In this notebook we'll take a look at how a recurrent layer of a neural network is implemented. Specifically, we'll focus on the recurrence called *hidden-to-hidden*, as this is most commonly used and it's PyTorch's implementation.


![picture](https://raw.githubusercontent.com/kyuz0/llm-chronicles/main/4.1%20-%20Lab%20-%20Recurrent%20Neural%20Networks/rnn.png)

In [None]:
import torch
import torch.nn as nn
import numpy as np

## 1. PyTorch RNN layer
In this cell, we're creating a simple recurrent layer for a neural network using PyTorch's **nn.RNN** module.

Here's a breakdown of the parameters:

* **input_size = 2**: This specifies that each input sequence element (or timestep) will have a feature size of 2. In other words, the input tensor to this layer will have a shape like (batch_size, sequence_length, 2) where 2 is the feature size for each element in the sequence.

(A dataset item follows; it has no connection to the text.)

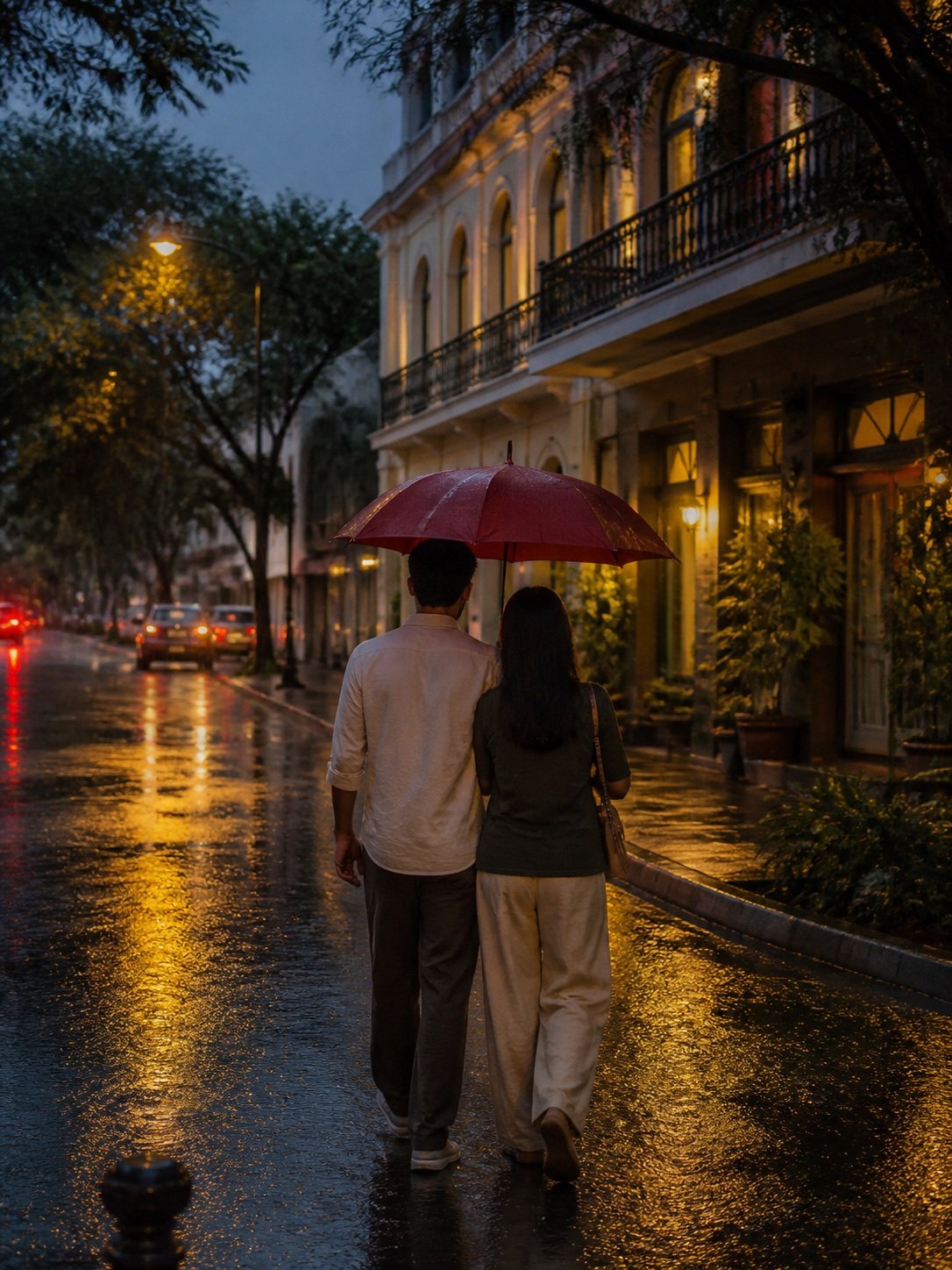 Aarav and Meera sharing an umbrella on a rainy Bengaluru evening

* **hidden_size = 3**: This denotes that the hidden state of the RNN will have a size of 3. The hidden state is the internal state or memory of the RNN, and its size can be thought of as the 'width' or 'capacity' of the RNN's memory at each timestep. When the RNN processes an input, it updates its hidden state based on both the current input and the previous hidden state. This allows the RNN to maintain a form of 'memory' of past inputs in the sequence.

* **batch_first=True**: This argument ensures that the expected input tensor shape is (batch_size, sequence_length, input_size). By default, the RNN module in PyTorch expects inputs to have a shape of (sequence_length, batch_size, input_size), but batch_first=True modifies this expectation to be more in line with what's commonly used in other deep learning frameworks and for easier handling.

In [None]:
rnn_layer = nn.RNN(input_size = 2, hidden_size=3, batch_first=True)
rnn_layer

RNN(2, 3, batch_first=True)

In [None]:
# Let's look at the parameters of this RNN layer
w_ih = rnn_layer.weight_ih_l0
w_hh = rnn_layer.weight_hh_l0
b_ih = rnn_layer.bias_ih_l0
b_hh = rnn_layer.bias_hh_l0

w_ih, b_ih, w_hh, b_hh

(Parameter containing:
 tensor([[ 0.5407, -0.1051],
         [ 0.1025,  0.3401],
         [-0.1288,  0.4972]], requires_grad=True),
 Parameter containing:
 tensor([-0.5645,  0.1087, -0.1245], requires_grad=True),
 Parameter containing:
 tensor([[-0.2017, -0.4285, -0.0833],
         [ 0.4595,  0.3113, -0.0283],
         [-0.5705, -0.0535, -0.1654]], requires_grad=True),
 Parameter containing:
 tensor([ 0.3875,  0.5334, -0.2906], requires_grad=True))

In [None]:
# Let's create a dummy input sequence with 4 time-steps, each having 2 features
input_seq = torch.tensor([[1.0]*2,[2.0]*2,[3.0]*2,[4.0]*2])
input_seq

tensor([[1., 1.],
        [2., 2.],
        [3., 3.],
        [4., 4.]])

In [None]:
input_seq.shape

torch.Size([4, 2])

In [None]:
# we unsqueeze to add a batch dimension
input_batch = input_seq.unsqueeze(0)
input_batch.shape

torch.Size([1, 4, 2])

In [None]:
# Forward pass
output, hh = rnn_layer(input_batch)
output, hh

(tensor([[[ 0.2529,  0.7949, -0.0466],
          [ 0.2971,  0.9556,  0.1416],
          [ 0.5706,  0.9837,  0.4186],
          [ 0.7589,  0.9947,  0.5448]]], grad_fn=<TransposeBackward1>),
 tensor([[[0.7589, 0.9947, 0.5448]]], grad_fn=<StackBackward0>))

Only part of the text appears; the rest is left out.